段叔因为长期扛面粉、揉面粉,所以肌肉非常结实,就算年过五旬,脸上也
出现不少岁月的痕迹,
可力气却不输一般的年青小伙子。
“咱们吃饭的家伙怎么可以葬送在刘成那恶霸的头上。”
“我不管,我忍不下去了!”她怎么可以在听见刘成的恶形恶状后还装作不
知道。
她要是不管,就不叫“好管闲事童小妍”。
她手吃力地往前一伸,手指快速地动了几下,只见段叔脸色大变,唇瓣也不
停地颤抖,交握竹板的手指终于松了开来,只是抱住肚子放声大笑。
段叔突然放手,童妍收不住力道,不仅整个人往后退去,竹板也顺势往后弹,
一声巨响在她身后响起。
原本把注意力放在陈大婶摊子上的人,现下全转移到这边来,只听众人一阵
惊呼。
“有人被打晕了!”
* * *
童妍慌张地在回廊来回踏步,十指打了七个结,只见身旁的丫鬟来来回回,
大夫也来过一回后便回药房抓药。
她在朱色栏杆坐下,但依旧专注地盯着房内,只要有一点动静她就又开始紧
张。
她从来没打错人过,而且还是上门的客人。
都是刘成那个混帐害的!
可恶!
“大小姐,你怎么不进去?”
丫鬟端着热水走来。
童妍应了一声,丧气地低头把玩着手腕上的链子。
“刚大夫看过了,应该没什么大碍。

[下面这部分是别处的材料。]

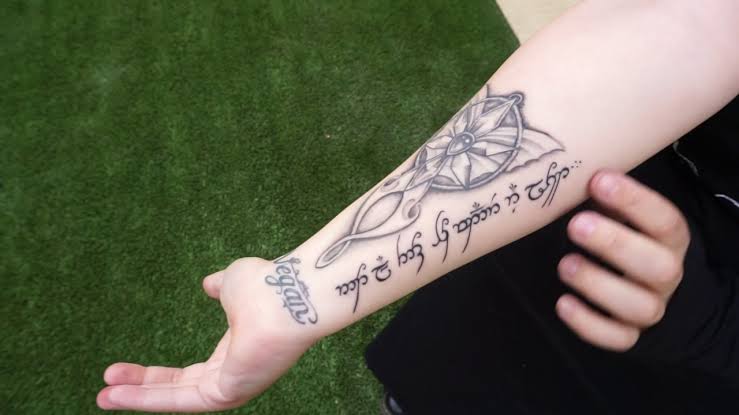 101 Best Lord Of The Rings Tattoos You Will Love! - Outsons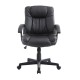 Bureau chaise pivotante noir pu 62 x 67 x 94-10...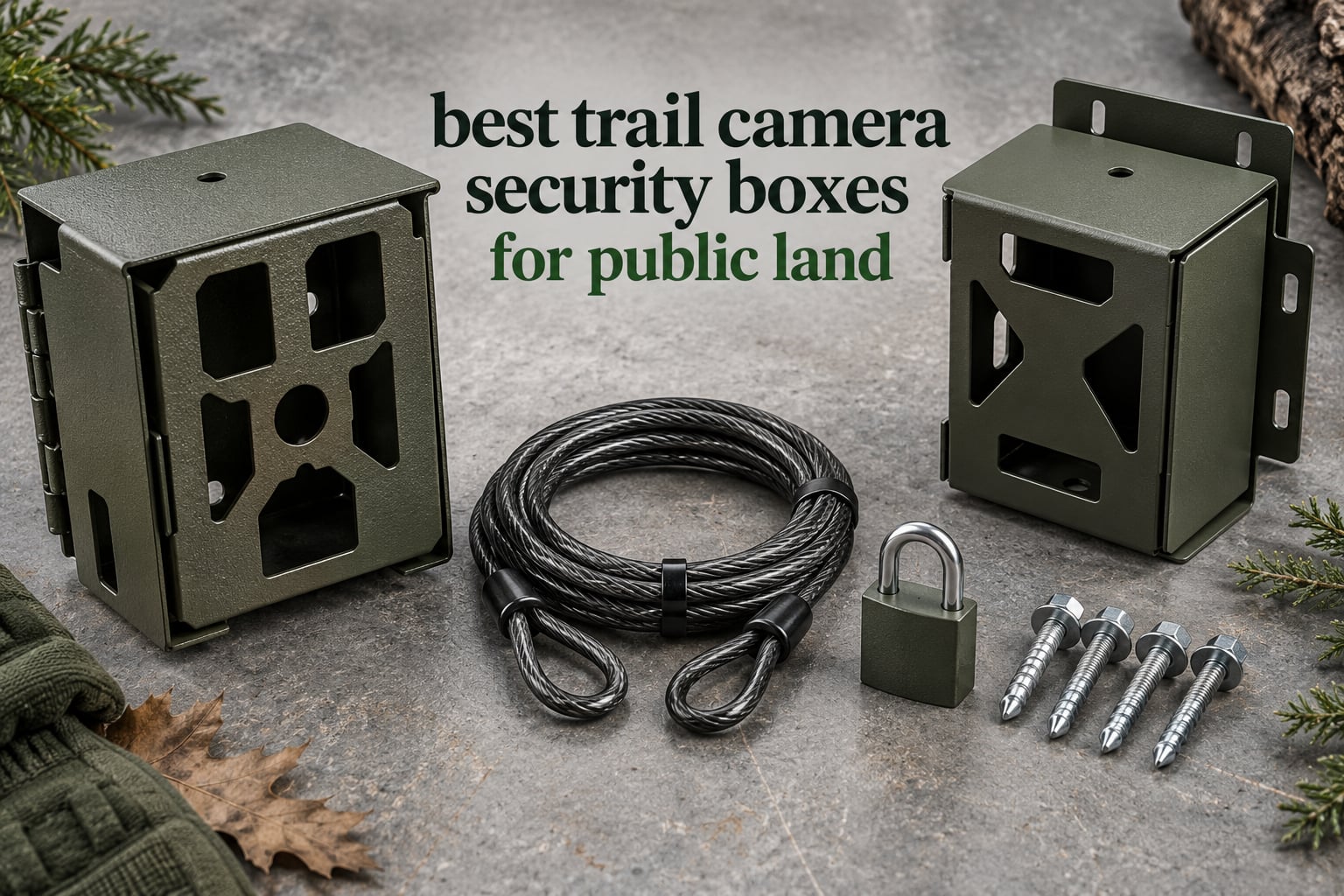 best trail camera security boxes for public land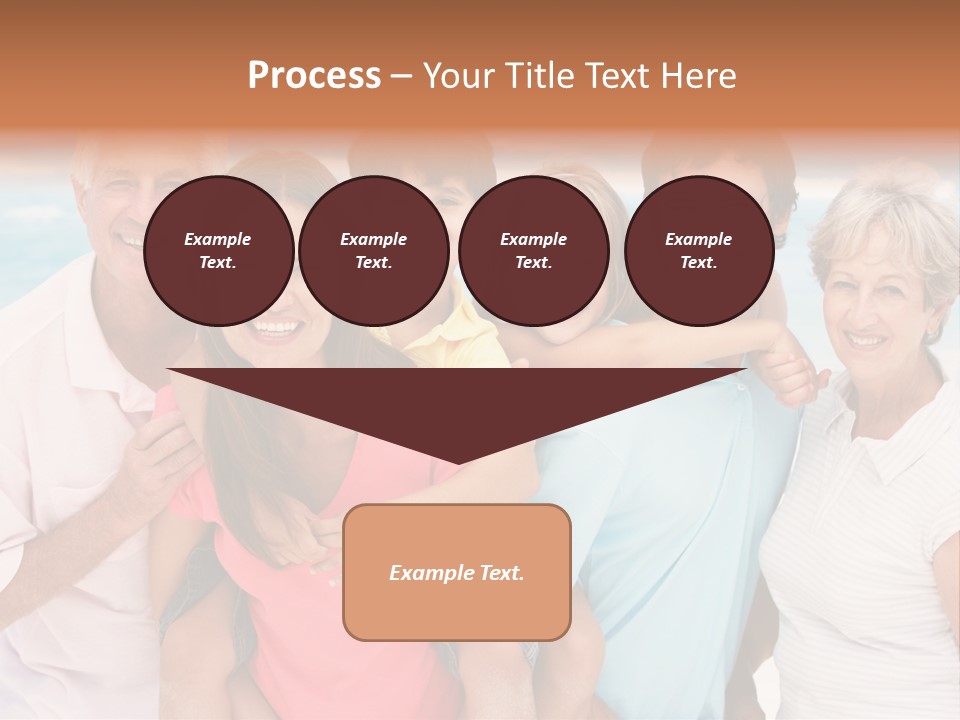 Mum Shoreline Caucasian PowerPoint Template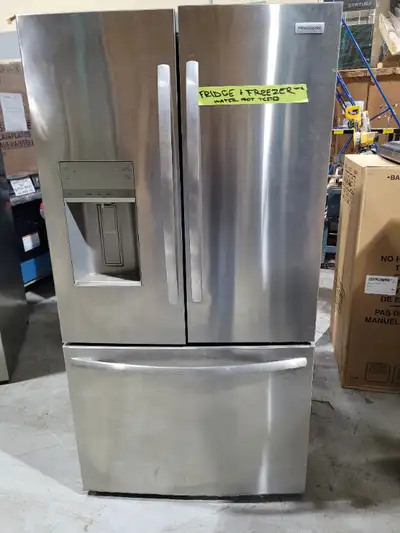 36" Width. 27.8 CuFt capacity. French Doors. Used but in good condition. Tested and in working order...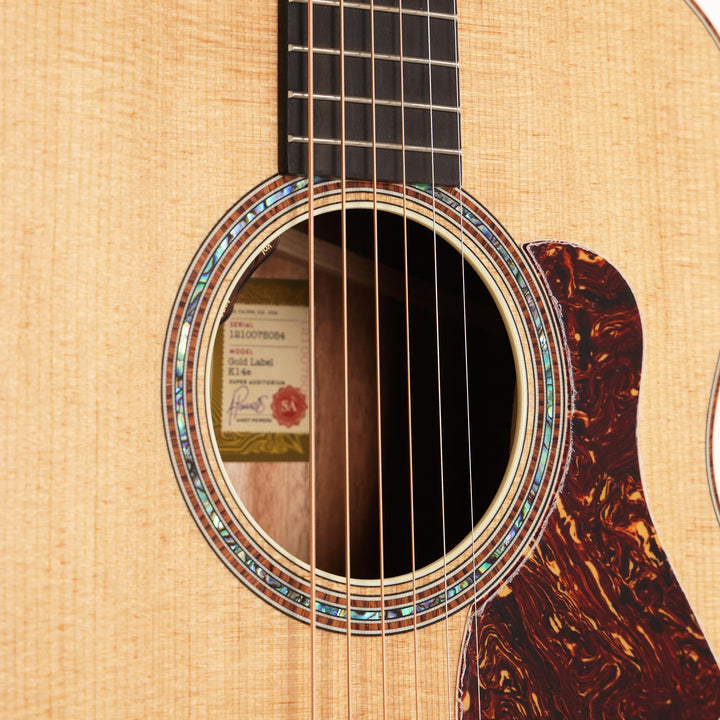 Taylor Gold Label Collection K14e Acoustic-Electric Koa Natural
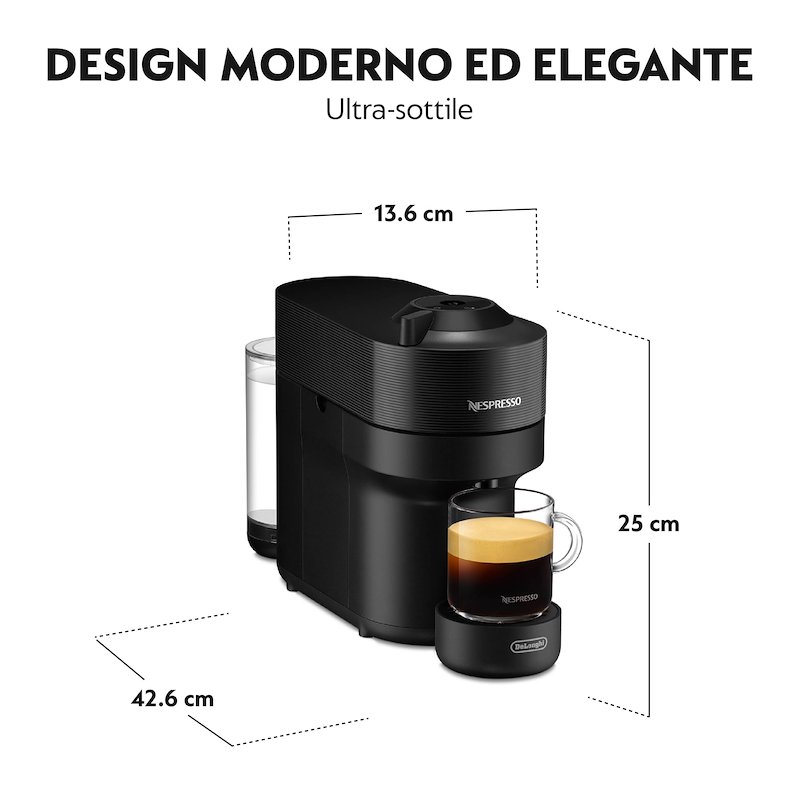De'Longhi Macchina da Caffé Vertuo Pop Env90.b Nero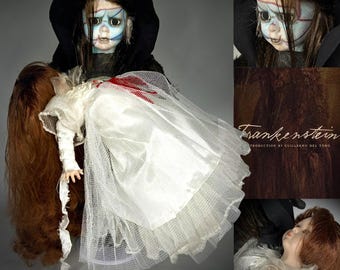 Creature & Elizabeth Frankenstein Doll Guillermo del Toro #70 Erika's Emporium OOAK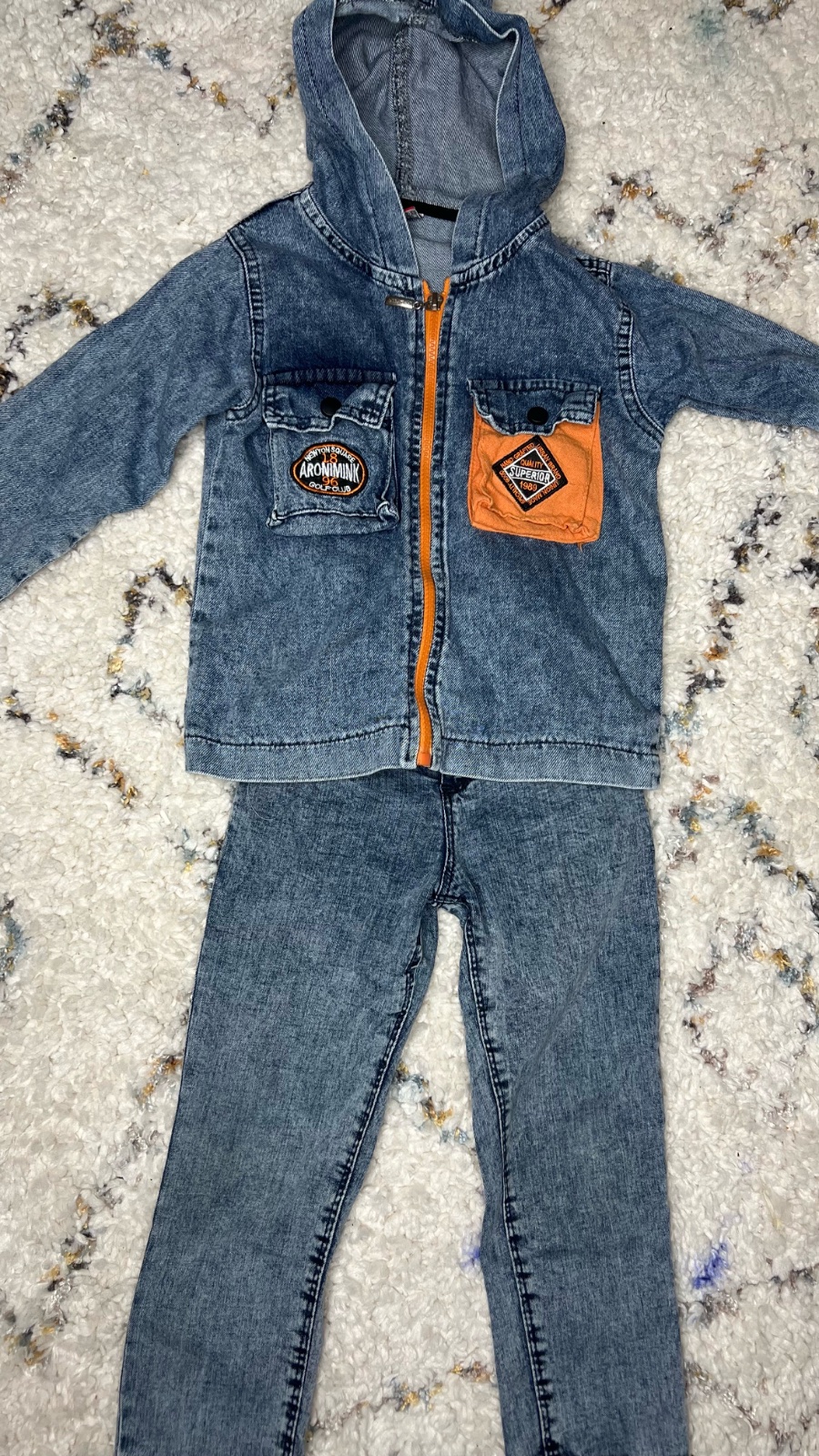 Ensemble garçans Denim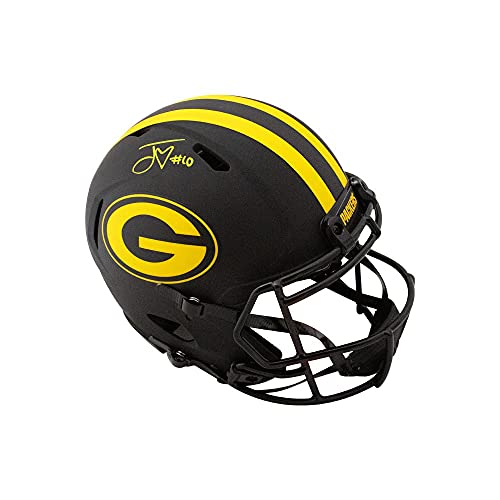 Jordan Love Autographed Packers Eclipse Authentic Full-Size Football Helmet - BAS COA - 757 Sports Collectibles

”
“真的吗?”童妍欢喜地抬头。
“大小姐,你为什么不进去?”看来大小姐准是怕被骂。
“呃……”
童妍精致绝美的脸上露出了迟疑的表情。
“热水呢?”房内传来呼喊,丫鬟赶紧端着热水推门入内。
怎么办……
她怎么有脸出现在他们面前?
童妍拍打着自己的额头。
都怪自己太冲动。
刘成那家伙干坏事干她什么事,干嘛每次都那么冲动,才会把事情弄成这样。
都是刘成那混帐害的,都是他。
该死的刘成,再记你一过:
只是……那人没事儿吧?
童妍缩缩脖子,莲足偷偷地往门口移动,悄悄地趴在门外往里瞧。
刚才那一板打得可不轻。
不但竹板差点断成两截,她还清楚地看见他额头上那个包肿得有如隔壁老爹
卖的打狗包子。
呜呜!
她真的不是有意的。
可是万一他真出了什么岔子她该怎办?
又万一他死了──
那她不就变成杀人凶手?
杀人可是要偿命的呀:
怎么办?
铺子才刚上轨道,她还得赢得赌注呢!
不要、不要啦……她才不要为了刘成那家伙变成杀人凶手。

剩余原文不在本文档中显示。